La foto è accompagnata da una descrizione che, per quanto scritta in toni retorici, non si allontana troppo dalla realtà:
A volte un topo può entrare nell’alveare, attratto dal calore e dall’odore del miele. Le api reagiscono immediatamente, difendendo il loro nido. Attaccano l’intruso insieme, finché smette di muoversi. Tuttavia, sorge un problema che non può essere risolto con la forza: il corpo morto è troppo grande per essere portato fuori. Se lasciato lì, inizierebbe a marcire e potrebbe mettere a rischio l’intera colonia. Le api hanno un loro metodo per affrontarlo. Ricoprono il corpo strato dopo strato con la propoli, una sostanza raccolta dalle resine degli alberi e arricchita da enzimi prodotti dalle api stesse. La propoli ha proprietà antibatteriche, antifungine e conservanti. Isola il corpo dell’intruso, impedendo la formazione di odori e la decomposizione, proteggendo l’interno dell’alveare dalle malattie. Questo è uno dei più straordinari esempi di igiene nel mondo degli insetti. L’impossibilità di rimuovere il pericolo non significa arrendersi: le api lo neutralizzano semplicemente, mantenendo ordine ed equilibrio all’interno del nido.
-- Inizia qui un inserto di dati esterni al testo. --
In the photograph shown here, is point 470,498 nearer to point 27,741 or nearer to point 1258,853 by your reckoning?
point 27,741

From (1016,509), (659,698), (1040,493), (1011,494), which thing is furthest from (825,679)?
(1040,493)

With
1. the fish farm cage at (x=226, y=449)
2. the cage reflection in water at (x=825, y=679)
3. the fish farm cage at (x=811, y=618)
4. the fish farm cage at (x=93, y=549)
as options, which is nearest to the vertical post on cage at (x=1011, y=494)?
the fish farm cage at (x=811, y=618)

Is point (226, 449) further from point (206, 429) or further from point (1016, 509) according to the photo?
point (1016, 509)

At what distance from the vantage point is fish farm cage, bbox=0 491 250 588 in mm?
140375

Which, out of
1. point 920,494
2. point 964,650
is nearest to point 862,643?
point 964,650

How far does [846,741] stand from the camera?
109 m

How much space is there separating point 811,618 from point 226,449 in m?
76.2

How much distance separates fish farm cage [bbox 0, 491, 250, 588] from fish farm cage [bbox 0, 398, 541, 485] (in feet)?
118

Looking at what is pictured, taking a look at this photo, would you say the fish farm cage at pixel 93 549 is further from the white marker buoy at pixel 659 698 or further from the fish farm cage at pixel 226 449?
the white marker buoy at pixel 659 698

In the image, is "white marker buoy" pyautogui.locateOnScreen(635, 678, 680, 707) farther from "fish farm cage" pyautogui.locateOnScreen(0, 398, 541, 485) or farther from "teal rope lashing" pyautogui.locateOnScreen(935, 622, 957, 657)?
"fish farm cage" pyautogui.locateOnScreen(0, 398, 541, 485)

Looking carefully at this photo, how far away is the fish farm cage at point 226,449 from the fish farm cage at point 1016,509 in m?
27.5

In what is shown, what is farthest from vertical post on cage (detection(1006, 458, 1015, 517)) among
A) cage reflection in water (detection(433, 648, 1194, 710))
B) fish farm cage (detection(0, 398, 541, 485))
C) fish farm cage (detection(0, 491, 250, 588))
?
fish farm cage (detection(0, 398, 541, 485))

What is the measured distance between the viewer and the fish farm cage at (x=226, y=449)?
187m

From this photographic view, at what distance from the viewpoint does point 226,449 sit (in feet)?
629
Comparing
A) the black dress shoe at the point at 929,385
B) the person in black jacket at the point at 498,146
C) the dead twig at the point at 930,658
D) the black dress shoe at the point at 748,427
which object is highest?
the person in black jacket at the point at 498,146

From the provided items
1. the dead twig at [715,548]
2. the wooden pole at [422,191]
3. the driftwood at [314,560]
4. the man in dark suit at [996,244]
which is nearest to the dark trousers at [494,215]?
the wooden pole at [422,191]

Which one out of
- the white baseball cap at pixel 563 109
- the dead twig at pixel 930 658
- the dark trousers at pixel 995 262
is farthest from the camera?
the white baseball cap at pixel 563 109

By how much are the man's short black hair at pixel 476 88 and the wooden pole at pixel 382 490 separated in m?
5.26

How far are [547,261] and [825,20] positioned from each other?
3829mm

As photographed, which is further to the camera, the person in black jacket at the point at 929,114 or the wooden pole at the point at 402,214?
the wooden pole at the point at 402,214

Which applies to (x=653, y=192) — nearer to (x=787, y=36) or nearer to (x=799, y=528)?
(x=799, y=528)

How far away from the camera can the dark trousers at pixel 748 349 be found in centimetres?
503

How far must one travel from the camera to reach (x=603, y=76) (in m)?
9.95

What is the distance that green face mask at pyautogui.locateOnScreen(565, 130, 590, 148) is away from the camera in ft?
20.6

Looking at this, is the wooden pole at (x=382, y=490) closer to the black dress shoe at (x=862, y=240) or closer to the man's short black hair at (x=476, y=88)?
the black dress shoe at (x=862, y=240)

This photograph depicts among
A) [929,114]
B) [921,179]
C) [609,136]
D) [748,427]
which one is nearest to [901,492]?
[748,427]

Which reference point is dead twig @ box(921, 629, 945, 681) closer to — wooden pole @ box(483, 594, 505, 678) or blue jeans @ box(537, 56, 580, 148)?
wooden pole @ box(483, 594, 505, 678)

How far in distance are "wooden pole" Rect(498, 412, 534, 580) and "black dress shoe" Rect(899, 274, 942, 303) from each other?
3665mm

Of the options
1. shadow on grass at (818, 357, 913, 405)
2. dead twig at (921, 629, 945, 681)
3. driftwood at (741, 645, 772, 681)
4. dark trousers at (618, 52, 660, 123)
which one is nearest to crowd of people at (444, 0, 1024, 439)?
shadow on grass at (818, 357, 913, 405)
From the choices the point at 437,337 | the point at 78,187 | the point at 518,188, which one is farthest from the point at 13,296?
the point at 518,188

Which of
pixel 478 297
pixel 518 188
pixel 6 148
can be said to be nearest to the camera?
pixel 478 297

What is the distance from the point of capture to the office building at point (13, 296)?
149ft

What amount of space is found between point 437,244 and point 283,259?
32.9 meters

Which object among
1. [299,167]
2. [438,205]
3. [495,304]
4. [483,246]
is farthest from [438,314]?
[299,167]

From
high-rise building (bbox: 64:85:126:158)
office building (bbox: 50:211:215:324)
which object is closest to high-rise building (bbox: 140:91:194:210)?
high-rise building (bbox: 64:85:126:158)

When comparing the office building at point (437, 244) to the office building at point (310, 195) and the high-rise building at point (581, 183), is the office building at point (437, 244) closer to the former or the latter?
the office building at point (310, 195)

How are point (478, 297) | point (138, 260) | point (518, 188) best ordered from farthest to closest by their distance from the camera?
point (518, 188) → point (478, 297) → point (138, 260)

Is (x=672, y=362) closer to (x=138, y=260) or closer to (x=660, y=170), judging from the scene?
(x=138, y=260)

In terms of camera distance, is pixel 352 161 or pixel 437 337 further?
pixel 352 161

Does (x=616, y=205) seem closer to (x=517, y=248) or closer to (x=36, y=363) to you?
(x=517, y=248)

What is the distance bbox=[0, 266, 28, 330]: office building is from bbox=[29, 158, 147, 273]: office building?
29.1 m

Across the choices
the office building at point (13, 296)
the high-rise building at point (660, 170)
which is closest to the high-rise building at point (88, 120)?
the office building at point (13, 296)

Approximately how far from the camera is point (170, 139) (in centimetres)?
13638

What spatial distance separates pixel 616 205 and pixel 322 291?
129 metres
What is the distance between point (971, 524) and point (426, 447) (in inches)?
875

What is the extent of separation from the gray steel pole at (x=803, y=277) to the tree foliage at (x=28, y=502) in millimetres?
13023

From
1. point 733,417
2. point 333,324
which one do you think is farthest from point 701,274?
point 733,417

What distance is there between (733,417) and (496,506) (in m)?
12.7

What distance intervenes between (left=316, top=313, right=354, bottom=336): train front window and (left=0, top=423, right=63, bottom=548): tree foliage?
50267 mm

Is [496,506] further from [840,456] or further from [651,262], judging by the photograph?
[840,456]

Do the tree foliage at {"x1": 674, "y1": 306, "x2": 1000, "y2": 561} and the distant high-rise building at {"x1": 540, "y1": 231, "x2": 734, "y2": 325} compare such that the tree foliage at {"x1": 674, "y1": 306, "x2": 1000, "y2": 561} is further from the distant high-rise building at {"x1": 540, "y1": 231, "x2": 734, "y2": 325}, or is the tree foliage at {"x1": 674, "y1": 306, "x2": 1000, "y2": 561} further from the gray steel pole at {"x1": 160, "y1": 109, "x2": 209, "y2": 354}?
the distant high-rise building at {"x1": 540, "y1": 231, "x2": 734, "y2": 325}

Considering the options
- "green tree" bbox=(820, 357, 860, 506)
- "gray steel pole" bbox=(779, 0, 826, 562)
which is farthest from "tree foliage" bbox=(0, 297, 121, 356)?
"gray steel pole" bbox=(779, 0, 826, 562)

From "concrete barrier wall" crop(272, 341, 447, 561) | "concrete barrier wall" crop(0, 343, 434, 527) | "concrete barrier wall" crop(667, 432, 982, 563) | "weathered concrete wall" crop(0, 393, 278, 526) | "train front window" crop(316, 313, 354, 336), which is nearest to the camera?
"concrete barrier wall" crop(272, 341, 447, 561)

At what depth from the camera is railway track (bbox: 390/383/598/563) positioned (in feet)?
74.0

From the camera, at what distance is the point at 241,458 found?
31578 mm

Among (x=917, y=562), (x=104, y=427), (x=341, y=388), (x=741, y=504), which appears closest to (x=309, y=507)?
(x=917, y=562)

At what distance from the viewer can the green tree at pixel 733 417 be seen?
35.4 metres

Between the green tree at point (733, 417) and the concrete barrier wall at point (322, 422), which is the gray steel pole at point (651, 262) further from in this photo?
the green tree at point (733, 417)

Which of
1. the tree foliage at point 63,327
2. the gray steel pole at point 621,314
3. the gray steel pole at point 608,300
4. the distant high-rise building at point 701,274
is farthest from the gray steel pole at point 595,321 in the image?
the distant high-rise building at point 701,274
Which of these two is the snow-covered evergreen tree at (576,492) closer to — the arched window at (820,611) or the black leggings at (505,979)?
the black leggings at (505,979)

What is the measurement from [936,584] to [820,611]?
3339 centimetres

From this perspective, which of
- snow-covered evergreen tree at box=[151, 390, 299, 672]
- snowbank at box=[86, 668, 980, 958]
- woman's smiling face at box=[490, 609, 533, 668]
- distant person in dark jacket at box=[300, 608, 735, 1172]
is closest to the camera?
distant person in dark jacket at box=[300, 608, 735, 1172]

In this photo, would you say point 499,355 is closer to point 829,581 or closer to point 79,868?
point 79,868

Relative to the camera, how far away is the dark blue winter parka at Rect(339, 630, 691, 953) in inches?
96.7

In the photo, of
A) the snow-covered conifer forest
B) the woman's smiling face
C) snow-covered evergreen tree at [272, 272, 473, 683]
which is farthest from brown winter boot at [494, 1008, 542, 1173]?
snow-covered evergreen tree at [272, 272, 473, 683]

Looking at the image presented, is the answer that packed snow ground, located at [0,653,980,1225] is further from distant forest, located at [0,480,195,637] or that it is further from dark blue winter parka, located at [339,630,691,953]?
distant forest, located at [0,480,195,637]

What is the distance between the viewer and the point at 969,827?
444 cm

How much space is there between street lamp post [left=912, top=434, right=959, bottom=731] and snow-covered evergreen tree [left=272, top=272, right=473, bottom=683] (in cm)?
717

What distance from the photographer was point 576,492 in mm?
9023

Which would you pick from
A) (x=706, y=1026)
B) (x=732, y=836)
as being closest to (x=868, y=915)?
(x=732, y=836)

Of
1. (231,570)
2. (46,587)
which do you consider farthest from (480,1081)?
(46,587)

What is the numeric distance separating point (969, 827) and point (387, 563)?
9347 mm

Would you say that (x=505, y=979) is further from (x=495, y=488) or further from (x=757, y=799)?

Ma allora, se il processo scientifico è descritto correttamente, qual è il problema?
A creare più di una perplessità tra gli utenti di Facebook è la foto del ratto, modificata con l’intelligenza artificiale. Una scelta che, come sottolineato dalla pagina Facebook Scienze Naturali, è probabilmente stata adottata per due motivi.
Il primo è che gli animali propolizzati non sono così “pop” nella vita reale. Per quanto inquietante, infatti, l’immagine contraffatta risulta molto più nitida e macabra, e quindi spendibile sui social. Il secondo, come tristemente accade spesso, è che utilizzando una foto fabbricata artificialmente si può evitare di attribuire i crediti al vero autore, l’apicoltore Ryan Giesecke.
L’aspetto paradossale è che molti lettori – proprio a causa della modifica non proprio egregia dell’animale e di altri dettagli, come l’eccessiva precisione delle celle dell’alveare – hanno pensato di trovarsi di fronte a un’opera d’arte iperrealista, arrivando addirittura ad attribuire la paternità al miniaturista Dan Ohlmann.
Insomma, un altro esempio di come la ricerca del click facile sui social non solo danneggia gli autori originali, ma crea confusione, spingendo il pubblico a scambiare il lavoro di un algoritmo per arte o natura.